On sait que la notion de style est très complexe, parce qu’elle a deux acceptions principales, l’une renvoyant à des propriétés partagées par un ensemble d’œuvre (c’est en ce sens qu’on parle de « style précieux » ou de « style simple »), l’autre désignant les caractéristiques idiosyncrasiques qui font qu’en voyant une œuvre on reconnait à travers elle son créateur. C’est avec cette seconde acception que nous parlons ici de style.

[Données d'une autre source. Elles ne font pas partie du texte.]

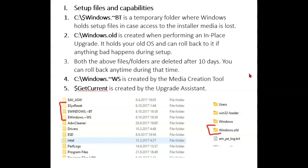The $GetCurrent folder, which starts with a dollar sign, is also a hidden folder where logs are kept about the previous installation. So again, if you have to roll back, that information is available to the system.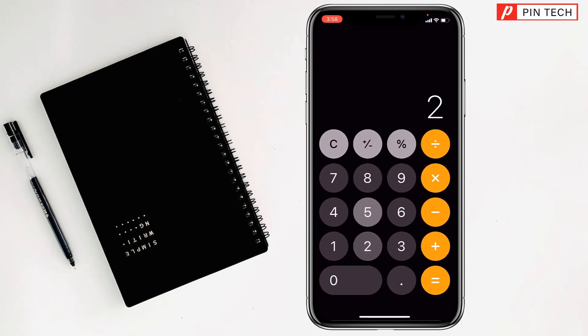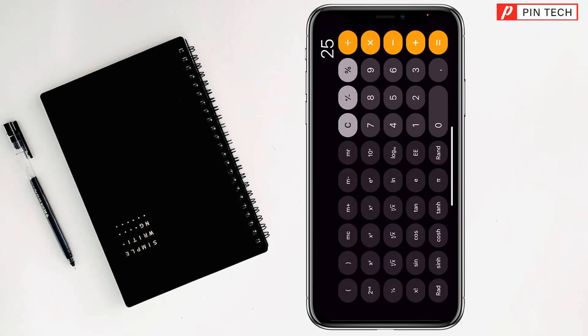Then you can type the digit which one you want to find the square root of. After that you have to make your phone landscape, then you have to tap on square root from here — and see, it has been square rooted now.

L’auteur en produisant du texte à partir d’emprunts et d’imitations imprime donc des marques personnelles à ce matériau, et ce à différents niveaux. Au niveau le plus profond, mais aussi le moins visible, il s’agit des interprétations et significations qu’il affecte à ce matériau. À un niveau plus visible, moins souterrain, c’est la manière dont il agence ce matériau ou dont il réajuste entre eux des matériaux issus de différentes sources qui marque le style de l’auteur, ce qui amène Pascal à se justifier ainsi de l’emprunt qu’il fait à Montaigne :

Qu’on ne dise pas que je n’ai rien dit de nouveau : la disposition des matières est nouvelle ; quand on joue à la paume, c’est une même balle dont joue l’un et l’autre, mais l’un la place mieux. (Pensées, 22).

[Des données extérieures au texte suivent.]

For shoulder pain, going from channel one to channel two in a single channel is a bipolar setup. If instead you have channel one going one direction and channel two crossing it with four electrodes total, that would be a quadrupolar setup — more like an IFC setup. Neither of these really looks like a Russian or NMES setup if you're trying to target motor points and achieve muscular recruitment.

Mais les marques stylistiques les plus visibles, les plus fortes, celles qui amènent Buffon à dire « le style est l’homme même » et qui permettent donc d’identifier un auteur à la lecture d’une simple page de son œuvre procèdent d’un fonctionnement différent : elles ont pour particularité de masquer les sources – emprunts, imitation, tout ce qui a nourri la pensée et le langage de l’auteur – tout en laissant place à des indices qui permettent à un lecteur affuté de les retrouver et d’apprécier la manière dont l’auteur s’en est emparé et les a accommodées à sa manière. En effet, c’est en permettant au lecteur de reconnaitre à travers ses Fables les emprunts à Esope que La Fontaine signale son propre style qui se démarque de la simplicité enfantine de son modèle. Et c’est en tâchant d’écrire comme Flaubert ou Balzac que Proust découvre et prouve qu’il est lui-même et non Flaubert ou Balzac.

• L’imitation et la reprise procurent l’espoir de l’innovation et de la rupture

Certes, la question de l’innovation et celle de la qualité de la production sont distinctes, mais dans le champ de la littérature et des arts, l’œuvre n’est souvent considérée comme œuvre que si elle manifeste une singularité, une originalité. C’est ce qui amène Victor Hugo à proclamer fièrement dans Les Contemplations, avec le style imagé et flamboyant et l’absence de modestie qui le caractérisent : « Je fis une tempête au fond de l'encrier ». Son souci de singularité l’amène également à s’insurger contre l’imitation « N’imitez rien ni personne. Un lion qui imite un lion devient un singe ». Pourtant, comme le dit Meschonnic (2000 : 27) « Écrire après sans écrire comme » est possible car « la modernité est le toujours je-ici-maintenant ». En fait, c’est parce que l’écrivain hérite d’une tradition qu’il peut manifester son originalité et sa liberté en empruntant des chemins de traverse, en faisant taire le bruit des autres. Que ce soit vrai ou faux, il a besoin d’avoir l’impression d’être unique pour s’accomplir. C’est ce qu’exprime Marguerite Duras dans Écrire, lorsqu’elle évoque, « cette illusion qu’on a – et qui est juste – d’être le seul à avoir écrit ce qu’on a écrit, que ce soit nul ou merveilleux » (1993 : 25). Elle poursuit : « L’écriture a toujours été sans référence aucune ou bien elle est... Elle est encore comme au premier jour. Sauvage. Différente. » (1993 : 31). L’écriture, même si elle prend racine dans la reprise et l’imitation est donc toujours inventée.